我们没有他们那样的成就,也没有他们那么的伟大,但我们与他们都有一个共同,喜爱写作,对情感的触动比一般人更敏感。
我们都是喜欢掩饰的人,谁也不会把心底深埋的记忆告诉别人,却又忍受不了孤独。渐渐地,爱上了文字。
喜欢写文字的孩子都很忧伤,都习惯用文字祭奠自己的感情,喜欢用文字抚平心底的伤痕。
我们都很偏执,对事物,对情感,总有种怀旧放不下的感情。这种感情它不会随时间的流逝消散,反而愈演愈烈。
有人告诉我,要想写出一篇好文章,必须的走心。走心?把感情投入这篇文章,仿佛你就是他,他的悲伤就是你的
悲伤。这样的走心,真的是好累,有时候一篇文章写到结束后,过了许多天,我们的感情却还没有收回,在小说中徘徊着,不肯出来。
每次写完文字后,我都会一整天的不说话,心情差到了极点,我为这样的思维恼怒,却也别无办法。
渐渐地,我会沉沦到另一个世界,无法自拔。
有时,夜深人寂,我数着天上的星星,问自己,世上有天堂吗?听说在那里住的人都很快乐,他们叫那个地方为“极乐世界”。

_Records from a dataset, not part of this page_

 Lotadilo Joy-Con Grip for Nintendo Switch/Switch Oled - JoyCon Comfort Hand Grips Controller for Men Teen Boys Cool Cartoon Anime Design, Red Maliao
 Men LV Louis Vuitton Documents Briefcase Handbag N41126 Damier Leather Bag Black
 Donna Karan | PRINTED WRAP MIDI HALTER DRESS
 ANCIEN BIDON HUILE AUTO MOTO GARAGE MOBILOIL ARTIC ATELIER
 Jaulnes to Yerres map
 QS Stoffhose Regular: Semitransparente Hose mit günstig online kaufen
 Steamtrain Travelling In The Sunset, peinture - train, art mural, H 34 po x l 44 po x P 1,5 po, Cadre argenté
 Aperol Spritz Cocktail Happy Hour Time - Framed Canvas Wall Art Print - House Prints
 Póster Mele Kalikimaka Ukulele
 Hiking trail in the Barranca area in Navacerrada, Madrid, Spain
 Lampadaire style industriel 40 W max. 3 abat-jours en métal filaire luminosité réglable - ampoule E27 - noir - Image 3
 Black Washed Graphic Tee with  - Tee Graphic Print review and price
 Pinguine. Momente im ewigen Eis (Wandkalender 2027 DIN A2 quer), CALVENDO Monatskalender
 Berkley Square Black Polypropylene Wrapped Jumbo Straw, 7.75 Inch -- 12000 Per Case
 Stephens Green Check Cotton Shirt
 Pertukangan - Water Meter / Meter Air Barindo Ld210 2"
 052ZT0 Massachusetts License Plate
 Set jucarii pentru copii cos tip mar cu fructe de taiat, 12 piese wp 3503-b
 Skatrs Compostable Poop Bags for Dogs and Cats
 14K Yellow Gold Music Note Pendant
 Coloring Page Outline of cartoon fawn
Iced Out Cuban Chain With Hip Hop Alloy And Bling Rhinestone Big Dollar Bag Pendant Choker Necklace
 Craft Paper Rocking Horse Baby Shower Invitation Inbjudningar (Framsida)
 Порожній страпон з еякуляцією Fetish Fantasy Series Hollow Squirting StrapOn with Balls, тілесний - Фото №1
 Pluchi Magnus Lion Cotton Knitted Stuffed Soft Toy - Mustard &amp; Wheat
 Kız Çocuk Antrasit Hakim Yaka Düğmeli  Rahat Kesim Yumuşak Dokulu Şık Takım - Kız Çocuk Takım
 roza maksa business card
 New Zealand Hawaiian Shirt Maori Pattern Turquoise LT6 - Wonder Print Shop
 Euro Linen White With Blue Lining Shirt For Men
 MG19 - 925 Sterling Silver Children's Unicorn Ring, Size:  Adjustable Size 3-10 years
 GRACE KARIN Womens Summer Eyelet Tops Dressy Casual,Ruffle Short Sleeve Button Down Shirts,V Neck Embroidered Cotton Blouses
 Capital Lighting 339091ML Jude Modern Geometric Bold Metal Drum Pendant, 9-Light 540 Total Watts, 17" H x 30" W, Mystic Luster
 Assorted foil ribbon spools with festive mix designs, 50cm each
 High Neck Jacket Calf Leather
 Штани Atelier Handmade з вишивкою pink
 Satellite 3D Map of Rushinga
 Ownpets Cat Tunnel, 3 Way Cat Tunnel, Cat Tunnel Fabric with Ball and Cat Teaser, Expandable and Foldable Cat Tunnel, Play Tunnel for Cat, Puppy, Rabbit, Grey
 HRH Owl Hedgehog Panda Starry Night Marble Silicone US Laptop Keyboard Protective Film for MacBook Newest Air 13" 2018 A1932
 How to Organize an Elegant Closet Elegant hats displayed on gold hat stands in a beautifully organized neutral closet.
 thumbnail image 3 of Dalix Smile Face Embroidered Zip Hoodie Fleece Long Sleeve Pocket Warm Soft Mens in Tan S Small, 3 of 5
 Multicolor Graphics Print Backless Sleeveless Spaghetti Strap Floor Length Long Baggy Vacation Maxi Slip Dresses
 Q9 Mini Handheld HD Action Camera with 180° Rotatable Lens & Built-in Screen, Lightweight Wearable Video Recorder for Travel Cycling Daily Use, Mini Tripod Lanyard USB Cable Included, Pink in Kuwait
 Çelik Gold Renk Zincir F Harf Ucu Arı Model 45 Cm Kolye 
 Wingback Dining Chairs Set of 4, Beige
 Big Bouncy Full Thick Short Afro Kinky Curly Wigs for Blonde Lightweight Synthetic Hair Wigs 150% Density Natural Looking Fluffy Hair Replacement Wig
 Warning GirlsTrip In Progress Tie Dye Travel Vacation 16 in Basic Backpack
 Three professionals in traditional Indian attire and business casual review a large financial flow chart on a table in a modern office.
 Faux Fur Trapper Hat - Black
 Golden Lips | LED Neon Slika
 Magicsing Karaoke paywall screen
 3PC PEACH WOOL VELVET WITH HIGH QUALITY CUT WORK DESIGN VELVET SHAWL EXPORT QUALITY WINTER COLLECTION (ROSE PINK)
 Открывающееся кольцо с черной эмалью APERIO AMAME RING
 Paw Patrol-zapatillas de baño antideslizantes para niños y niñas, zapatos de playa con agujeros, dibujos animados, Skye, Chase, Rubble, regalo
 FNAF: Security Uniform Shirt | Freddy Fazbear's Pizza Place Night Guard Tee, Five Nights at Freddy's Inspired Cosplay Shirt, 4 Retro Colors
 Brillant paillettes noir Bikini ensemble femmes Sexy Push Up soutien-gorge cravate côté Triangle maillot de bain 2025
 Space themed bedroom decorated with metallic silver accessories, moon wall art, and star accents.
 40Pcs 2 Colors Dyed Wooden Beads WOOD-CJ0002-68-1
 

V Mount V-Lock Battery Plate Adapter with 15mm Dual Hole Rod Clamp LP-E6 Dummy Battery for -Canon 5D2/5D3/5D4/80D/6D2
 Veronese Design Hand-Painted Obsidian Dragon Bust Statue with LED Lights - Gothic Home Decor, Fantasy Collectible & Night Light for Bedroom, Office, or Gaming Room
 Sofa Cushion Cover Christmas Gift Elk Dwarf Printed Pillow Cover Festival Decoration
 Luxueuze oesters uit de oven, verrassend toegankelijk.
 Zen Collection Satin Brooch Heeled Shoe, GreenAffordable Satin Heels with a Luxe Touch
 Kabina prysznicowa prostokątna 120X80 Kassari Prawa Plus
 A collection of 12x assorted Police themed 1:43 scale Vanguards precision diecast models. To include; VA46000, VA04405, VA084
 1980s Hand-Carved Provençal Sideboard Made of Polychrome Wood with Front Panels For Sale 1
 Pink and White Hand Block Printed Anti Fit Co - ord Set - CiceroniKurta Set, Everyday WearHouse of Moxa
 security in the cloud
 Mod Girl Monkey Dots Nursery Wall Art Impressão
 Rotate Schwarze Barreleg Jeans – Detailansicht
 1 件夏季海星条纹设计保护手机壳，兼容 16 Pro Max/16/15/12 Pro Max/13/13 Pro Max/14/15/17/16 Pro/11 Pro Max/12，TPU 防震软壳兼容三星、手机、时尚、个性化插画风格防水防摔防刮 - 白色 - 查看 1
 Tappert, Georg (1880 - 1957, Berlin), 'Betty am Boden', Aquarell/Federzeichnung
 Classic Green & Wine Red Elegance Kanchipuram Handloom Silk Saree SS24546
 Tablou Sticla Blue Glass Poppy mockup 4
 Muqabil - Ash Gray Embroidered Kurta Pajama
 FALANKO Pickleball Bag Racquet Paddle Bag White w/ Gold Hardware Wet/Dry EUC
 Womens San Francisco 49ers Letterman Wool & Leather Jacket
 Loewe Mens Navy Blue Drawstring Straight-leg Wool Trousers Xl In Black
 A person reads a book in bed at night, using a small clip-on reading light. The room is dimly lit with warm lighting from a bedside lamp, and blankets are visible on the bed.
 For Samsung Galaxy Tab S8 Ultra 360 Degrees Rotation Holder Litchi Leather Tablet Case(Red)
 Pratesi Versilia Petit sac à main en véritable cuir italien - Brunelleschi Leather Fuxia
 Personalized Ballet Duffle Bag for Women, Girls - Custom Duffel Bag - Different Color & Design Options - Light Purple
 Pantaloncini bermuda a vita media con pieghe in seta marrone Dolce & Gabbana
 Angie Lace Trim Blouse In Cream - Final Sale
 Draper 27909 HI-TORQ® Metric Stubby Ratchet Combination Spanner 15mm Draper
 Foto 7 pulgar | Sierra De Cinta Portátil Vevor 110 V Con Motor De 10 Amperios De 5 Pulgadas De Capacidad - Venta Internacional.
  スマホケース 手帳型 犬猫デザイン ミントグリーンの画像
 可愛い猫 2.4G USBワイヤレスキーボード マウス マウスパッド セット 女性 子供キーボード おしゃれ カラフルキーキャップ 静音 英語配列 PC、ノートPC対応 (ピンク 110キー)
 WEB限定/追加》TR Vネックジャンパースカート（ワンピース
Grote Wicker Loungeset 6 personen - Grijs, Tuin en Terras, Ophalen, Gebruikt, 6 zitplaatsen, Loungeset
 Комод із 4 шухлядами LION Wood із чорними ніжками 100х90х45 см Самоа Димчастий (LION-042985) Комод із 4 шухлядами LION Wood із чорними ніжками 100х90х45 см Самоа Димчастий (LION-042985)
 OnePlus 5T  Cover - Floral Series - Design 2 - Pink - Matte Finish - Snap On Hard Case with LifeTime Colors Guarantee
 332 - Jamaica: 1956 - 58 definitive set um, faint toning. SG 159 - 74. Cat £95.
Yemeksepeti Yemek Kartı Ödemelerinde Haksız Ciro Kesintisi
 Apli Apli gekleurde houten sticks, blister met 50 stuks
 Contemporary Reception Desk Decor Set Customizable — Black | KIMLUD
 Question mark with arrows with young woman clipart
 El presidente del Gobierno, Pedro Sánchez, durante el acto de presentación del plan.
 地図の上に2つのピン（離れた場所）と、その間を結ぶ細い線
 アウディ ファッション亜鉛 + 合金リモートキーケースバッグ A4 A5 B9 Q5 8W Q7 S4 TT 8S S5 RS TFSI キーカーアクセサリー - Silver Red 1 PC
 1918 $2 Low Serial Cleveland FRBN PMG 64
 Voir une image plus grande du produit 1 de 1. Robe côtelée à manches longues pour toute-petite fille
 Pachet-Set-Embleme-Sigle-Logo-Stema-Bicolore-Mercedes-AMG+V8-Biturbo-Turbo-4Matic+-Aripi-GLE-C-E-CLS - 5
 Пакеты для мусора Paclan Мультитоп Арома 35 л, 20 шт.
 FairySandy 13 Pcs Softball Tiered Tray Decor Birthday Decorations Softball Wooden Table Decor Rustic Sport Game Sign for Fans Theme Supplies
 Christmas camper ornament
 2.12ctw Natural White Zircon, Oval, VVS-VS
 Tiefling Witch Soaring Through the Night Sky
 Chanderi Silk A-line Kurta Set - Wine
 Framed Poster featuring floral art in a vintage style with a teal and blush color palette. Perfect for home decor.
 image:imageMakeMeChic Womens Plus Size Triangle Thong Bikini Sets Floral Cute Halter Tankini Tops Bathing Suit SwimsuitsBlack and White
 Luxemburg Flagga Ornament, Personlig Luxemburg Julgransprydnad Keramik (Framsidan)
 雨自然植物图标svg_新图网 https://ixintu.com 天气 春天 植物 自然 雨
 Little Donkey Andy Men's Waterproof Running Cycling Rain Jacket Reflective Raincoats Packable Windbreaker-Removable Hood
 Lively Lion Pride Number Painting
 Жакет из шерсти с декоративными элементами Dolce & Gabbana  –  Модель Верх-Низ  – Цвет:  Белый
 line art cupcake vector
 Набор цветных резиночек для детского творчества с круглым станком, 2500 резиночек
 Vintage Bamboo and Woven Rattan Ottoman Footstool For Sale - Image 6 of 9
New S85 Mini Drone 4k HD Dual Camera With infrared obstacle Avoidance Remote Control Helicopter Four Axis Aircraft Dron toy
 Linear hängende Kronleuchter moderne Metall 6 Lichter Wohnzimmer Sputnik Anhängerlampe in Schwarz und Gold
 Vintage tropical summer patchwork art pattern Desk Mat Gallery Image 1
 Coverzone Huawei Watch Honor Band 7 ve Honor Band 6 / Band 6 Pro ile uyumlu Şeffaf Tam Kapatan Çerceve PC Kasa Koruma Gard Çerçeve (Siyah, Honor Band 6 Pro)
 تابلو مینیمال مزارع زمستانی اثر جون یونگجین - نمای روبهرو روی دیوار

“你又想多了。”是啊,我又想多了,我想象着我站在高楼的天台,脚一迈,我就会飞,翱翔在湛蓝的天空中。我想象着我永久的沉睡,做一个现实中无法实现的梦,再也不愿醒来。我想象着我闭着眼投入海里,变幻的蓝色深藏着暗然的忧郁,细细品味沉沦。
我想着想着,也只是想想。
1990年,诗人方向服毒自杀,死后 葬于千岛湖畔。
1991年,戈麦在圆明园附近投水自杀。
1994年,顾城用斧头砍伤妻子谢烨(后不治而亡),继而在一棵树上吊颈而死。
1996年,著名诗人、报告文学家徐迟从六楼病房阳台上跳楼自,时年82岁 。
2004年,华裔女作家张纯如用手枪在美国加州洛斯盖多自杀于汽车内,年仅36岁。
2004年,以21岁成为中国作协最年轻成员的作家殷谦在肯德基将毒药和着热巧克力饮料一起吞下,年仅27岁。
2005年,文坛明日之星美国作家崔斯坦·伊格夫5月17日在家乡宾州的兰卡斯特自杀,年仅33岁。
2006 年,日本女作家鹭泽萌前在其独居的家中 自杀身亡,年仅35岁。
他们其中有的是那样的年轻,半辈子都还没有过完便走向了死亡。我不知道他们是为何而死,却也明白那时的他们徘徊在痛苦的边缘,一步,二步,终究是走向了黑暗。
人是矛盾的结合体,也许,难得糊涂 才是一种超凡境界。
许是我没有达到那样的境界,许是我糊涂,没有走向那一步。我为他们的自杀行为而哀伤,还有祝福。
如果日日夜夜的痛苦在缠绕着,还不如早点放生自已。也许我的这种想法偏激,有些不负责任,但也是我最真实的想法。
仅管如此,但如果未来的一天你也痛苦不已,我还是希望你选择活着。
因为作家自杀是一种文化现象,现实自杀却是一种自私逃避。